The role of Gal-3 in maintaining the quiescent state of hematopoietic stem cells (Takakura Lab, in Nat Commun)

The research group in the Department of Signal Transduction, researcher Weizhen Jia and professor Nobuyuki Takakura clarified the role of galactose-binding lectin-3 (Gal-3) in maintaining the quiescent state of hematopoietic stem cells (HSCs) and its molecular mechanism.

HSCs are the source of blood supply. Excessive division of HSCs will cause cell exhaustion. Therefore, it is very important to maintain the balance between self-replication and differentiation of HSCs. However, the cellular and molecular mechanism coordinating the balance between HSC quiescence and differentiation is not fully understood.

As a consequence of analyzing the molecular mechanism for HSC quiescence, the research group found that Gal-3 is highly expressed in quiescent HSCs. Gal-3 is a member of galactose binding lectin. It participates in various biological phenomenon such as development, differentiation, cell cycle, and apoptosis, etc. Their research found that the percentage of long-term HSCs (LT-HSC) in the G0 phase decreased in BM from Gal-3 KO relative to wild-type mice and that reconstruction ability of LT-HSCs in Gal-3 KO mice was attenuated. These results illustrate that Gal-3 regulates the cell-cycle of HSCs and plays a critical role in maintaining the quiescent state.

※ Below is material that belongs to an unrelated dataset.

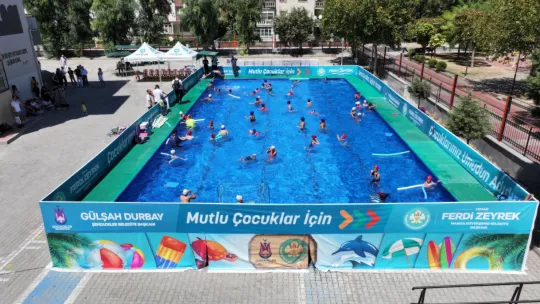 Manisalı Çocukların Yüzme Mutluluğu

In terms of the mechanism of how Gal-3 maintains HSC quiescence, the researchers found that Angiopoietin-1 or Thrombopoietin, secreted from bone marrow niche cells, binds to the receptor Tie2 or Mpl on the surface of stem cells. Nuclear translocation of NF-κB mediated by PI3K/AKT pathway following to stimulation by Tie2 or Mpl expressed in HSCs promotes the production of Gal-3, which then binds to Sp1 and induces p21 transcription resulting in the inhibition of cell cycle progression and maintenance of LT-HSC quiescence.

This research clarified a novel mechanism of bone marrow niche for the maintenance of HSCs and may contribute to stem cell expansion in culture and bone marrow transplantation, as well as promoting leukemia cancer stem cell-targeted therapy and other clinical applications.